PostgreSQL is definitely a boost to performance, especially if you offload the DB to a dedicated server (depending on load, can even be a cluster)
Nevertheless, it probably has much to do with how it’s deployed and how many proxies are in front of it, and/or VPN. If you have large numbers of containers and small CPU/low memory hardware, and either running everything on one machine or have some other limitations, it’ll be slow.
Admittedly, I’m not very familiar with the codebase, but I feel Apache isn’t improving the speed either. Not exactly sure how PHP is nowadays with concurrency and async, but generally a microservice type architecture is nice because you can add more workers/instances wherever a bottleneck emerges.
acockworkorange@mander.xyz 8 months ago
Why would you compare to something so utterly different?
bjoern_tantau@swg-empire.de 8 months ago
I’d argue that the primary function of Nextcloud is to serve files. Of course the other services lack other stuff, which is why I’m still using Nextcloud.

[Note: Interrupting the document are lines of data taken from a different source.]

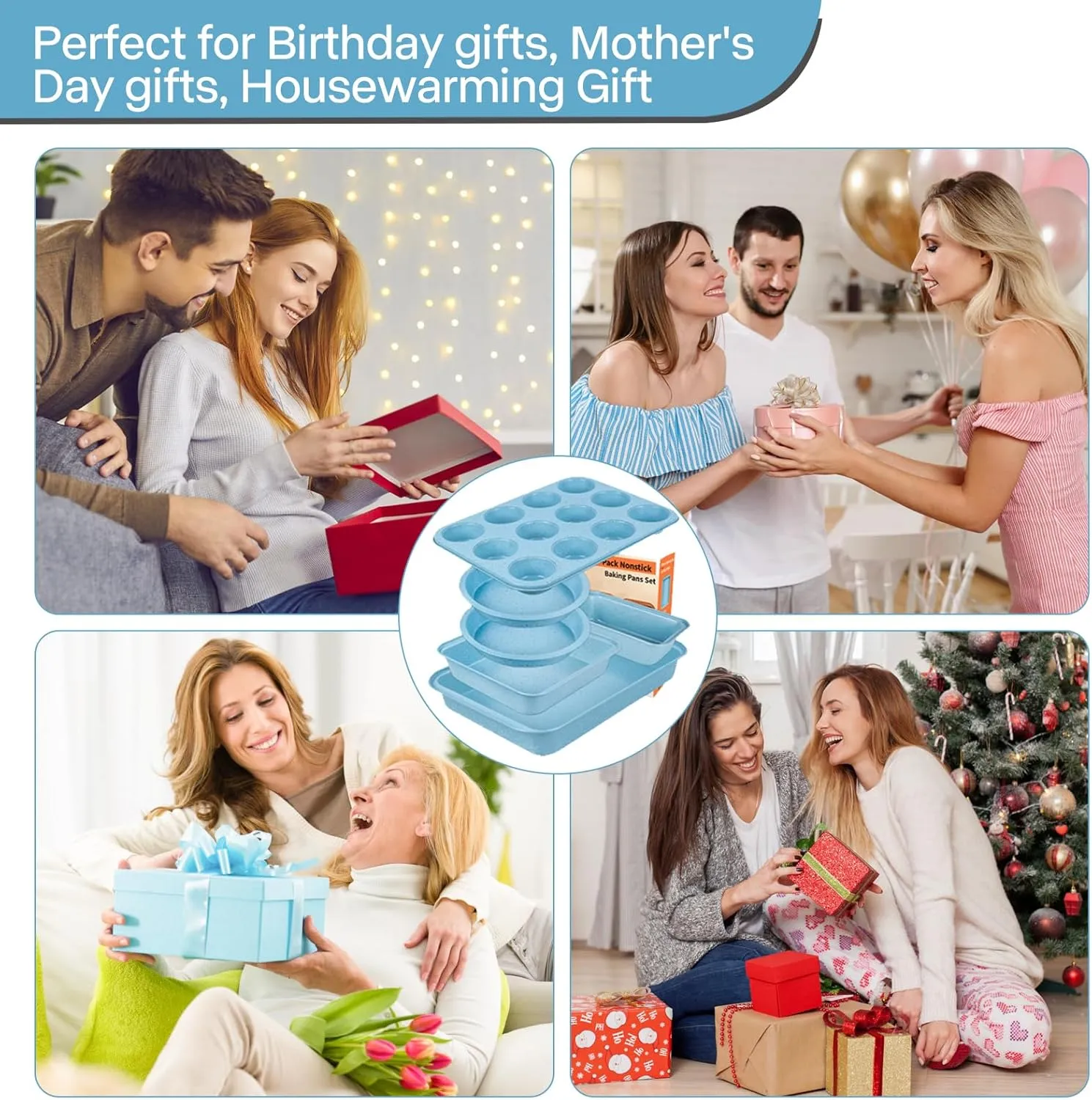 6 Pieces Baking Pans Set Blue Non Stick Bakeware Sets Stackable, Toaster Oven Safe, Pro Steel Baking Supplies for Home Baking, Roasting, Easy to Release, Sturdy Bake Gifts for Lover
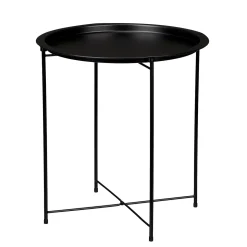 Mesa de centro redonda preta em metal 50cm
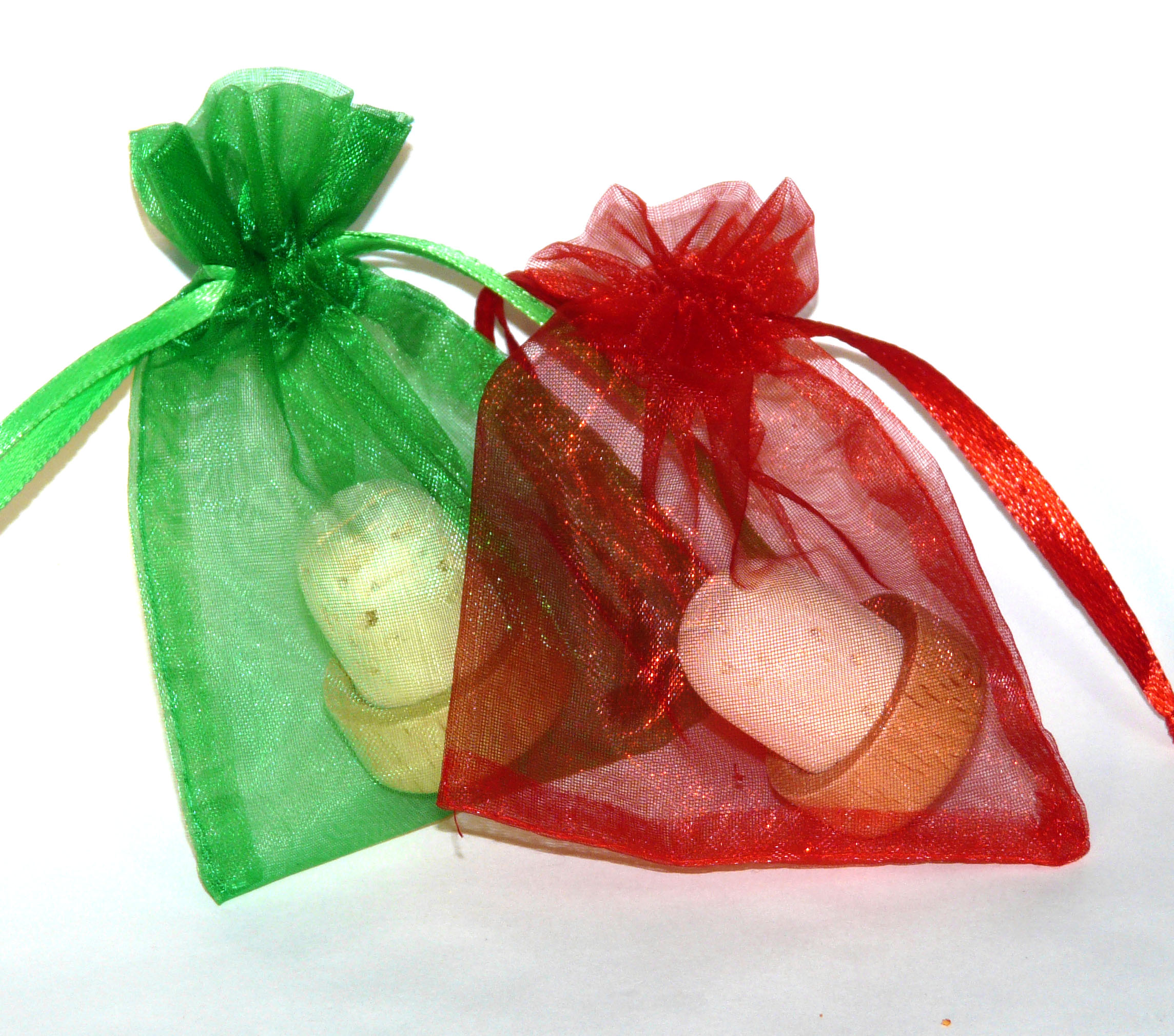 Christmas Mix 3 x 4 organza bags (Emerald Green, Red)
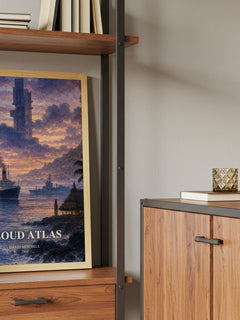 Cloud Atlas book watercolour illustration paper finish options – matte satin gloss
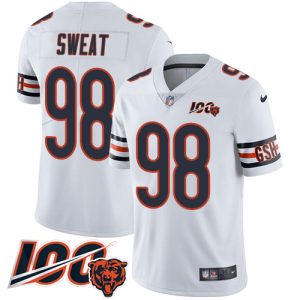 Bears #98 Montez Sweat White Alternate Youth Stitched NFL Vapor Untouchable Limited 100th Season Jersey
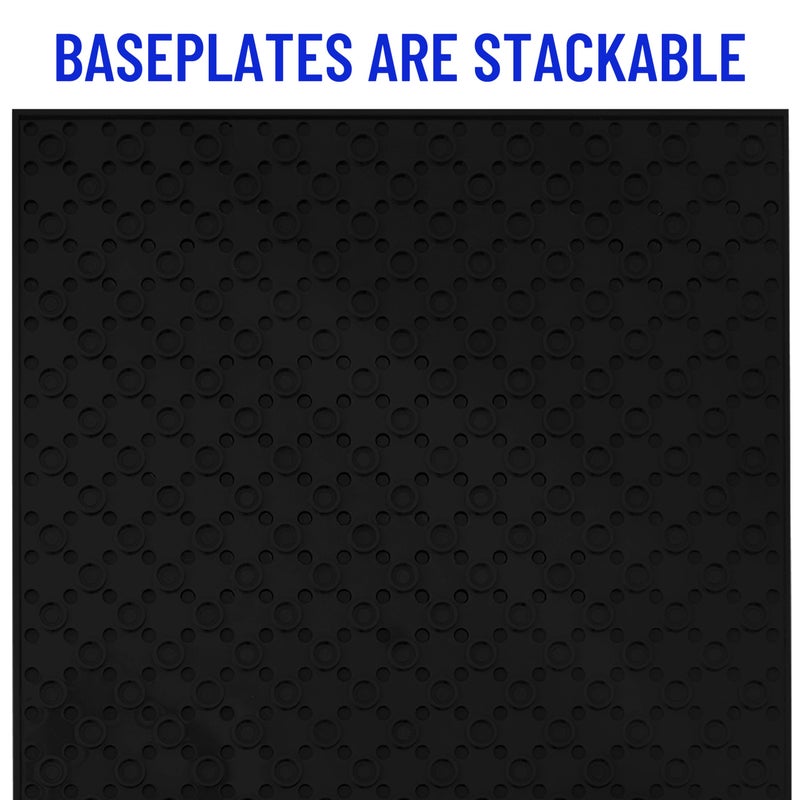 Strictly Briks 4 Pack Classic Baseplates 10x10 in  Stackable Building Plates with 32 x 32 Studs  Mats  Bases  Boards  Sheets 100% Compatible with All Major Brands  Black - Image 3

But I still wish its performance was similar to pure file servers.
cron@feddit.de 8 months ago
I think the file server analogy isn’t really fair. Nextcloud is better compared to Microsoft 365 or Google GSuite.
All of these offer file storage, but also much more.
bjoern_tantau@swg-empire.de 8 months ago
Sure. But serving files is the core functionality of Nextcloud. You can remove every other functionality. But the files app cannot be removed.